[PROVIDED MATERIAL Boundary: Start]
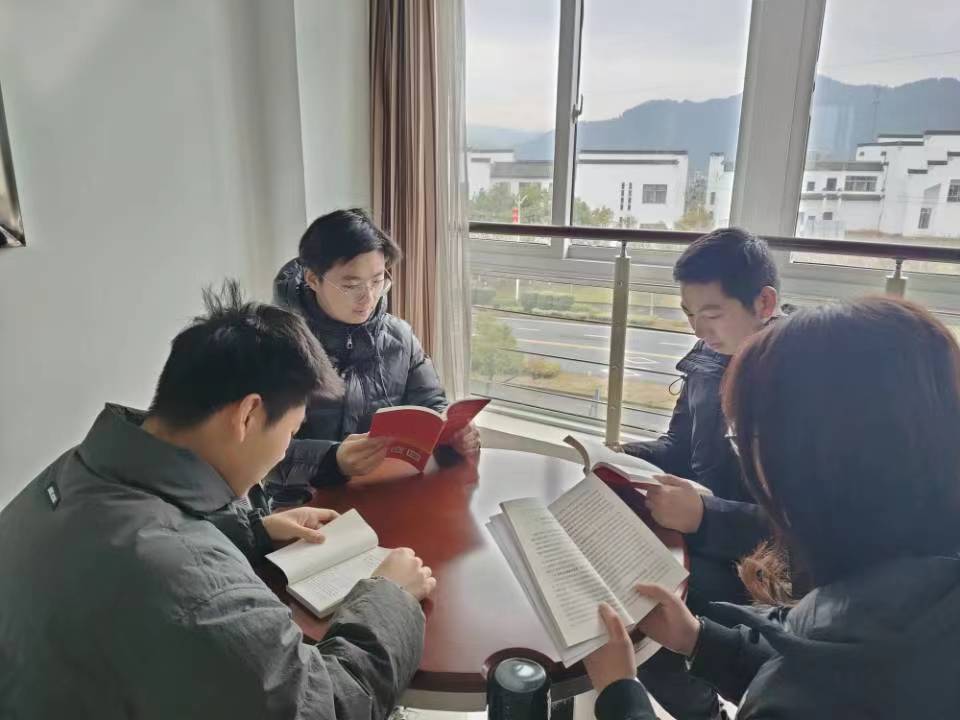 黃山黟縣煙草局：「三把鑰匙」打造「青年隊(duì)」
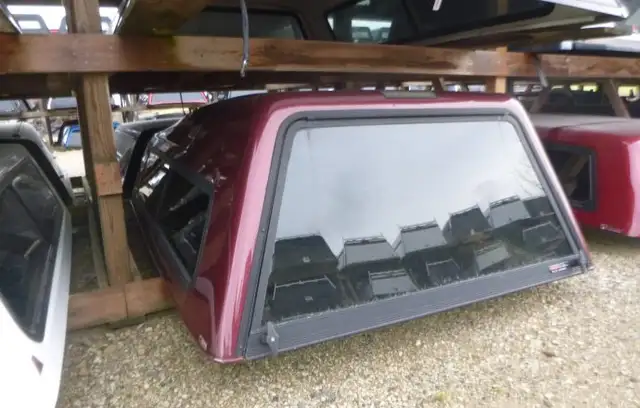 2007 - 2013 Chevrolet Silverado 8' 66 Red Highrise Truck Cap in Other Parts & Accessories in Kitchener / Waterloo - Image 3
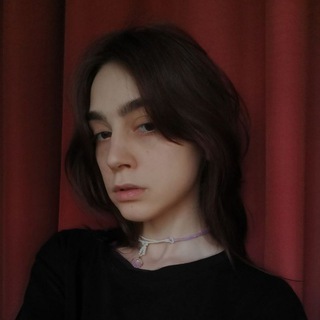 Lina | tarot | astrology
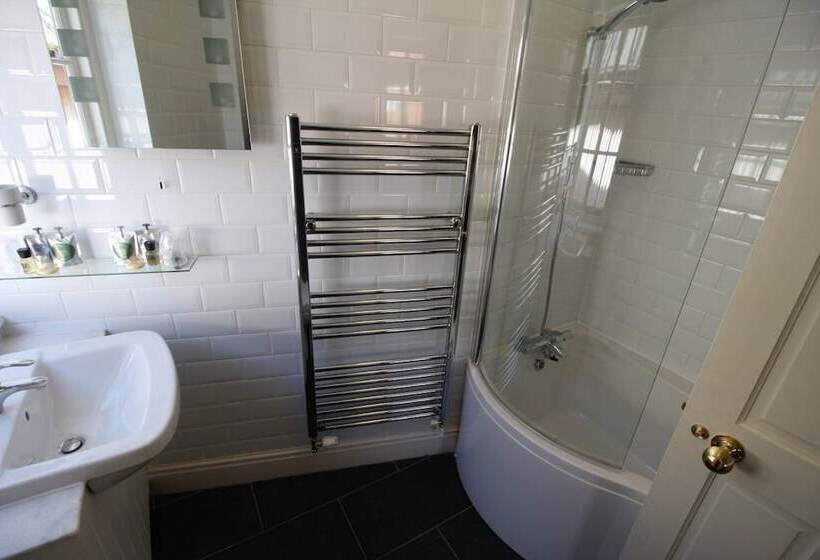 Hotel The Angel In Wootton Bassett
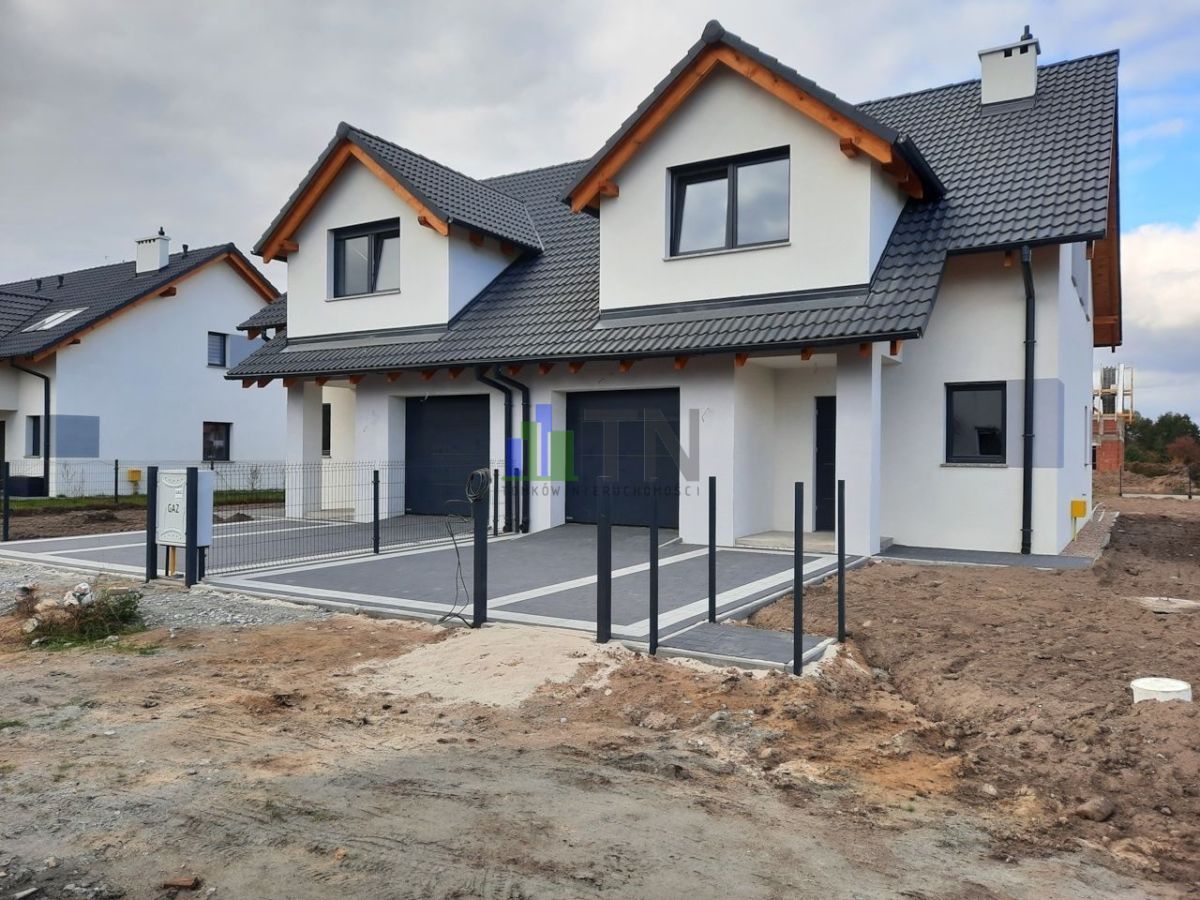 bliźniak, 5 pokoi Chrząstawa Wielka. Zdjęcie 10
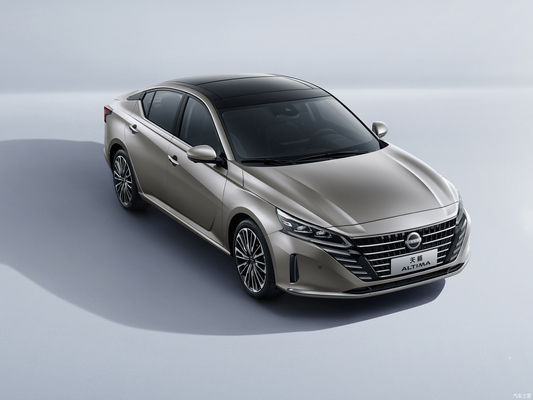 Mehrlink-Rückfahrzeug mit Fahrwerk Dongfeng Nissan Teana Sedan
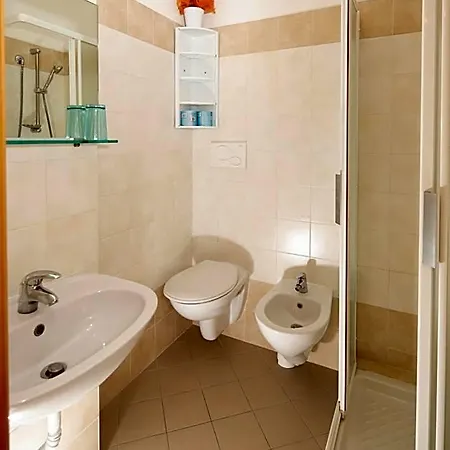 Hotel Lem 2*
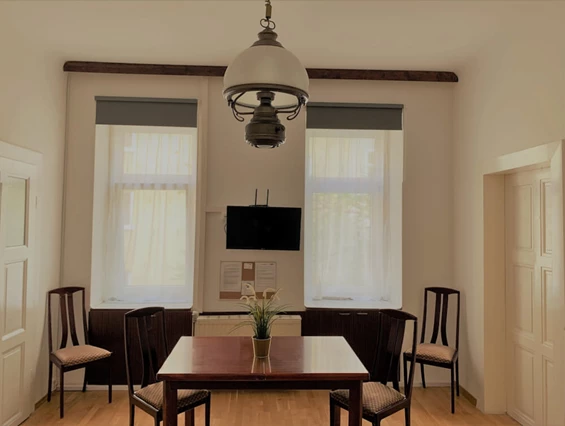 MonteurZimmer: www.TimeApartments.at ---- 5x Monteurwohnungen mit Garage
[PROVIDED MATERIAL Boundary: End]
THE PROBLEM: Everything from the line containing "Hotel Lem 2*" to the last line of the records above should be reproduced exactly, except the pictures.

RESPONSE TO THE TASK:
 Hotel Lem 2*
 MonteurZimmer: www.TimeApartments.at ---- 5x Monteurwohnungen mit Garage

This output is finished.